• **Task input**
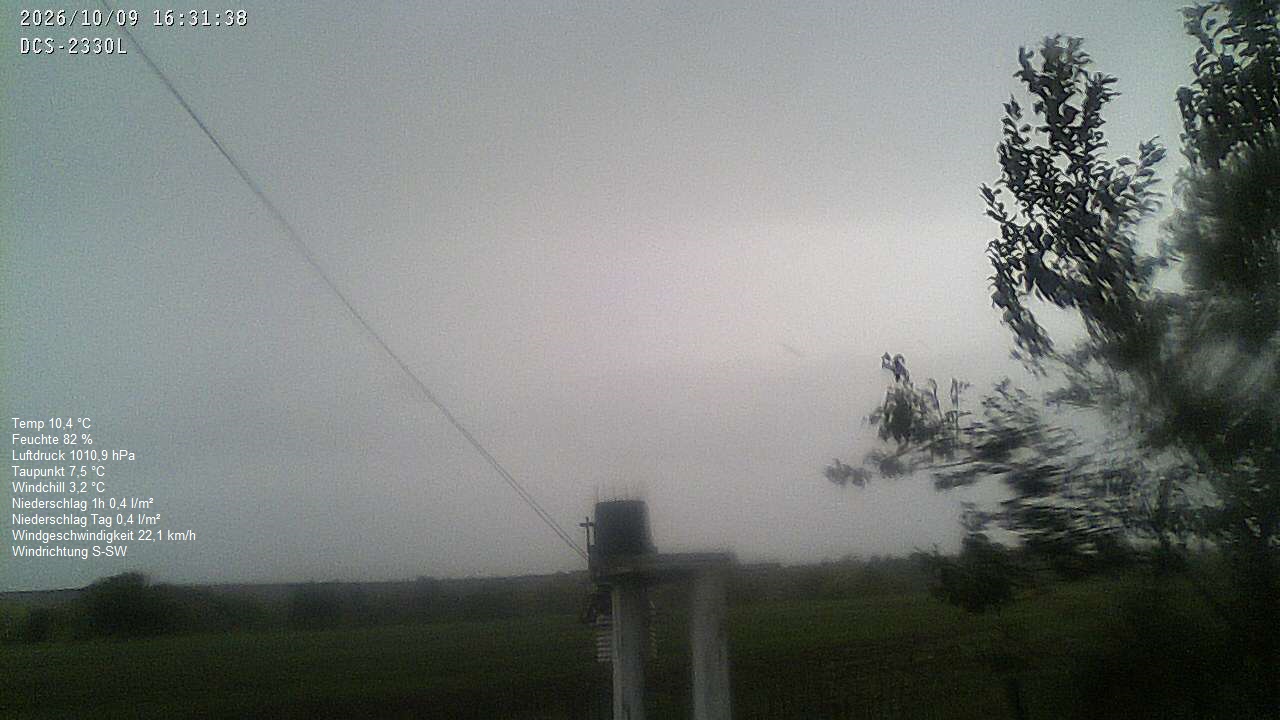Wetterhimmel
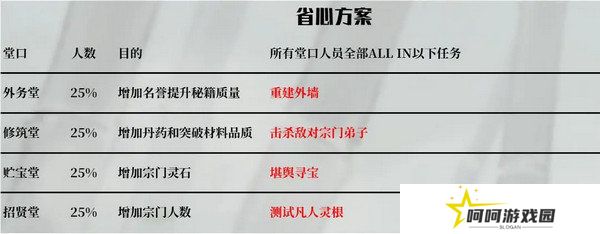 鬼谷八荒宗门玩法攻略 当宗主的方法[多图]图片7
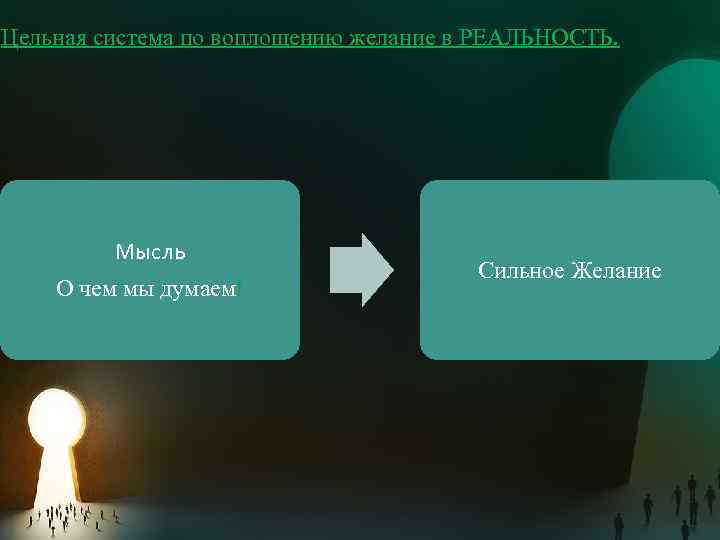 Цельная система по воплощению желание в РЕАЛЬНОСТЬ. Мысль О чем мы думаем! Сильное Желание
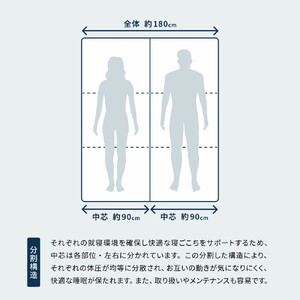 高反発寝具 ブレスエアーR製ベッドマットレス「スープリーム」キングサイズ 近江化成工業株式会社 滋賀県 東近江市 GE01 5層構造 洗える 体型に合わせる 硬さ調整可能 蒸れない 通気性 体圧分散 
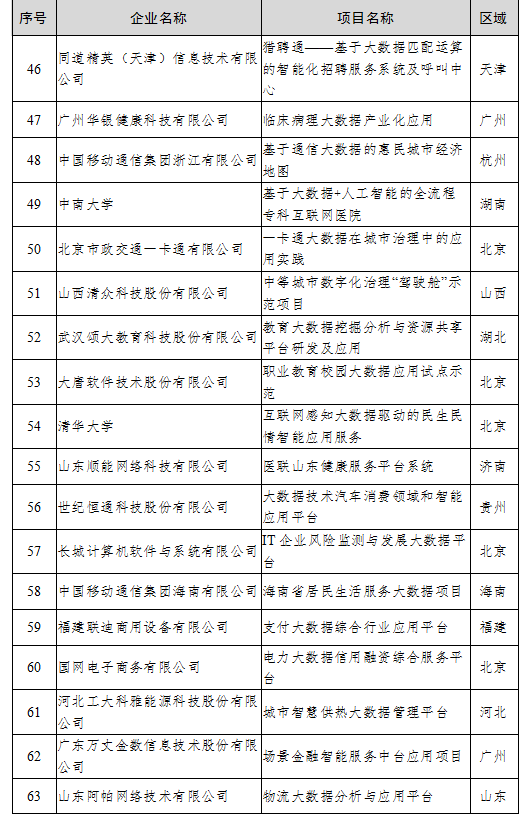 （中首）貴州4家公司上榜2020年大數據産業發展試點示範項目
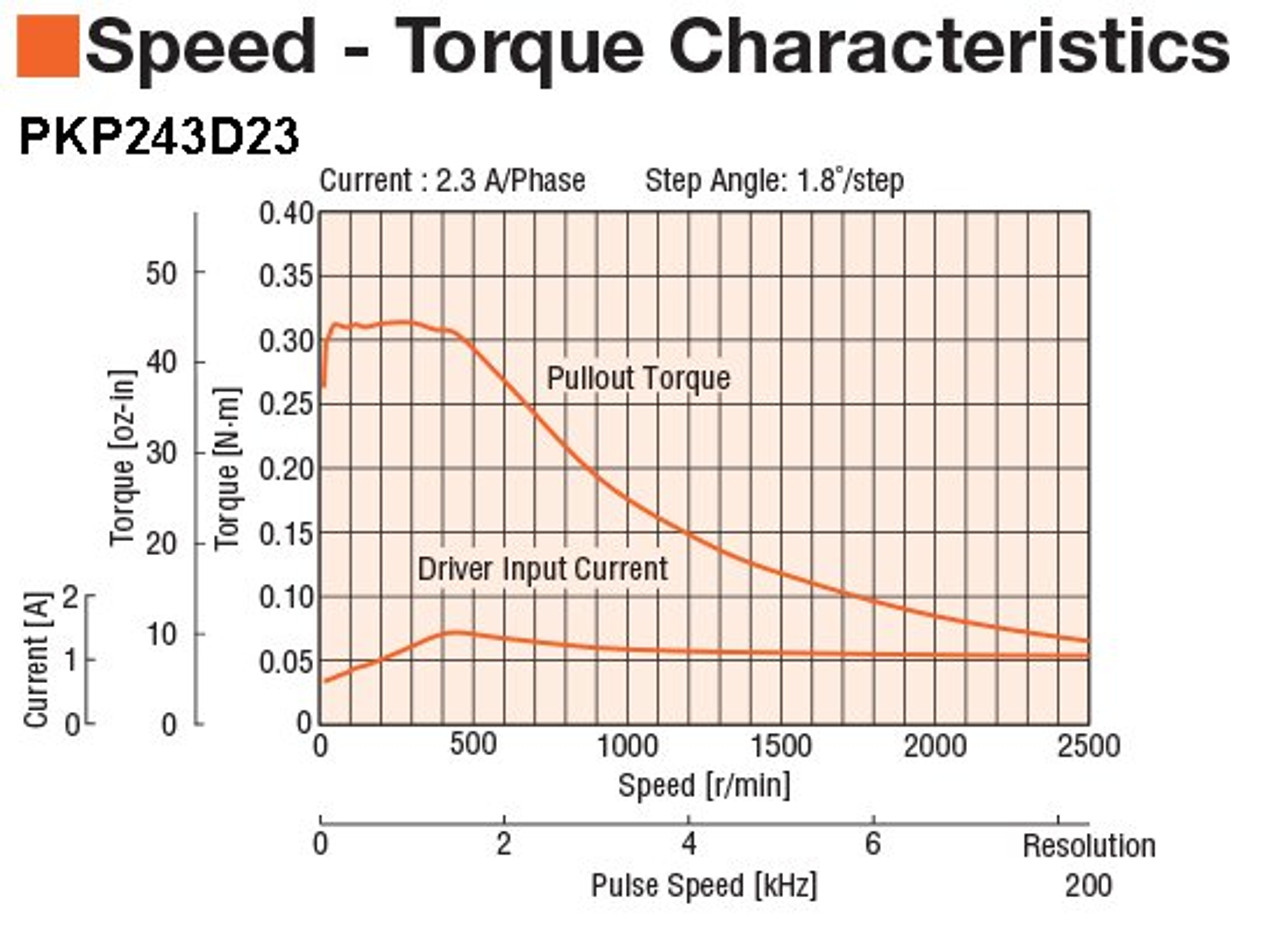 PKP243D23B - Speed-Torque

• **Aim of the task**
With the pictures excluded, restate the material exactly as it stands.

• **Finished task**
Wetterhimmel
 鬼谷八荒宗门玩法攻略 当宗主的方法[多图]图片7
 Цельная система по воплощению желание в РЕАЛЬНОСТЬ. Мысль О чем мы думаем! Сильное Желание
 高反発寝具 ブレスエアーR製ベッドマットレス「スープリーム」キングサイズ 近江化成工業株式会社 滋賀県 東近江市 GE01 5層構造 洗える 体型に合わせる 硬さ調整可能 蒸れない 通気性 体圧分散 
 （中首）貴州4家公司上榜2020年大數據産業發展試點示範項目
 PKP243D23B - Speed-Torque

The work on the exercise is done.